Late, tardy, absent, past due, overdue, etc.

Such is the story of me. It's not that I don't try to be the "good" kid/student/employee. I just seem to lack the ability to focus long enough over long spans of time (weeks & months) to get things done when needed.
Today was supposed to be a great day. Instead I'm trying not to throw up everywhere from bad left over Subway. It was a dumb choice. Even though it was fast, I should've considered the possibility that it may not sit well given the time it was out and the amount of stress I've felt the last few days.
So another failure. If I listed all the things I can't do, do poorly, or have failed at I swear I would have to consume probably 3/4 of the existing worldwide supply of paper. Ok, maybe not that much if I condensed things into categories.
Still, today comes as a crushing blow as it feels more and more like this is as inescapable as the color of my eyes or need for air. I am seriously beginning to wonder if I have the ability to function like "normal" people who can meet deadlines and plan ahead and be useful to those around them. Is it possible that some people have no other purpose than to serve a an example of what is "wrong" and "broken" and "useless to society?"

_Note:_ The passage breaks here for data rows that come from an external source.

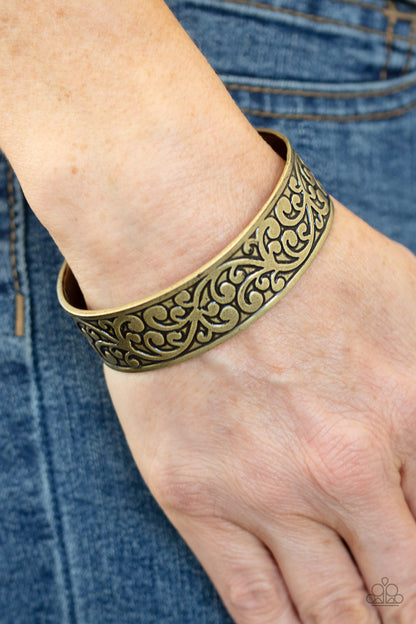 Read the VINE Print - brass - Paparazzi bracelet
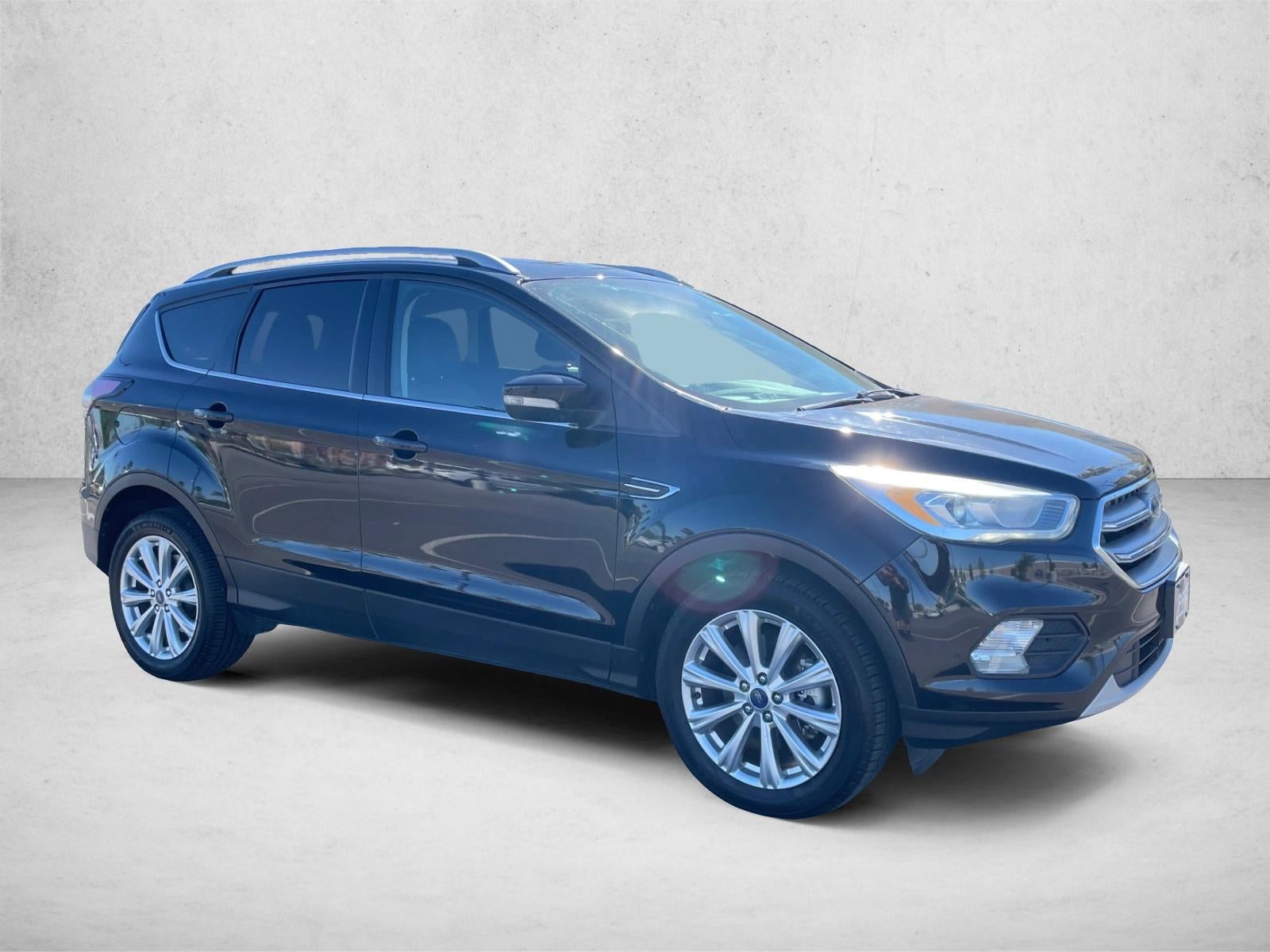 2017 Ford Escape Titanium FWD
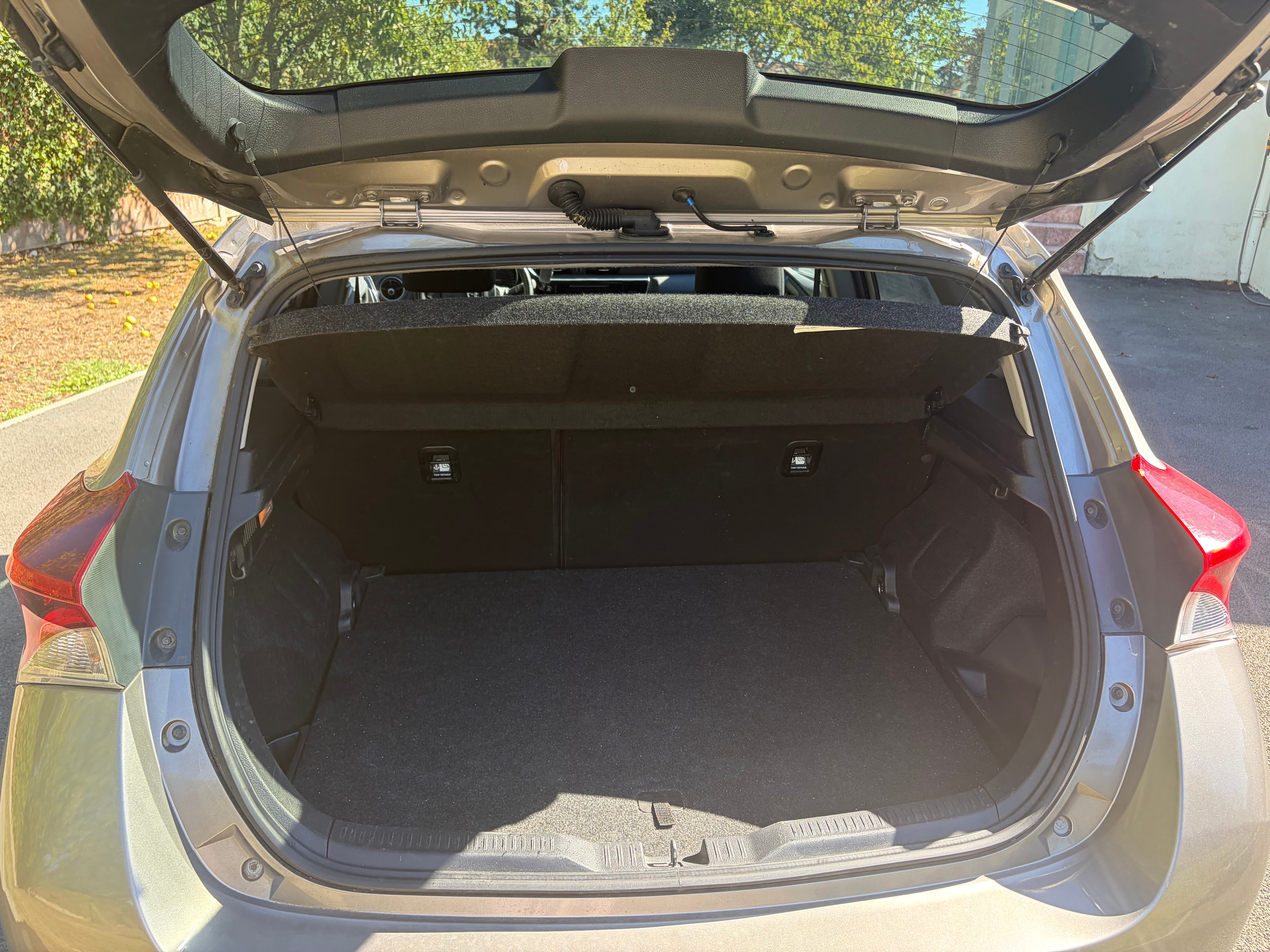 Toyota Auris Hybride avec GPS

I used to think in terms of "if only I had" or "of only I could do X skill" as the root of my problems. Now I've come to see the problem is just me and my inability to process order of things and feel the passing of time. To me, all that I've written so far feels like the same amount of time/energy as a simple text message note. Truly. An hour can feel like less than a minute and them I realize I just "spaced" and lost another chunk of time and feel depressed and beat myself up because "gee, did it again, and so one more apology to owe someone."
I've come to doubt that any of the countless drugs I've been put on over the years can, or ever could, do anything. What if the problem is a structural issue? What if my brain or some other part is just broken in one of those ways we don't know how to fix yet? What then?
It's hard to stay positive when your guts seem to be calling you an idiot and you've failed to deliver something on time, again. Who would want that for an employee? I wouldn't. Who could recommend someone who constantly fails? I couldn't. I think people have been nice in their reviews because it's just the people they are to not want to hurt someone, especially someone who clearly doesn't have any hope of improving but still seems to want to be better. Pity sucks. Being pathetic sucks more.
If there was a cure all that would take ten or even thirty years off my life but could allow me to function like a "normal person" for the remainder of my days I'd make that trade. I'd give up my hours and dreams of being a wife and mother; I'd rather live alone and only know the joy of children from afar to be able to complete one damn thing in the way I planned. I might as well be alone; I've yet to find anyone who really understands what it's like to exist like this.
I've run out of ideas. Positive thinking, affirmations bullshit, slow breathing, bouncy music, and on and on and on. Nothing can keep my mind present. Nothing can make me physicality faster. So what the hell am I supposed to do? Be one of those sponges that lives off the government? Or worse, one of those tragic types that lives off family until they finally wander off or "accidentally" die? Seriously. There had to be an answer! Someone, somewhere knows why I'm broken. Someone, somewhere knows a way to fix me in a way that doesn't resolve with a pine box. This isn't living. This it's barely existing and today I just can't fine the energy or the heart to muster a fake smile. I'm sorry. I just can't make it happen today.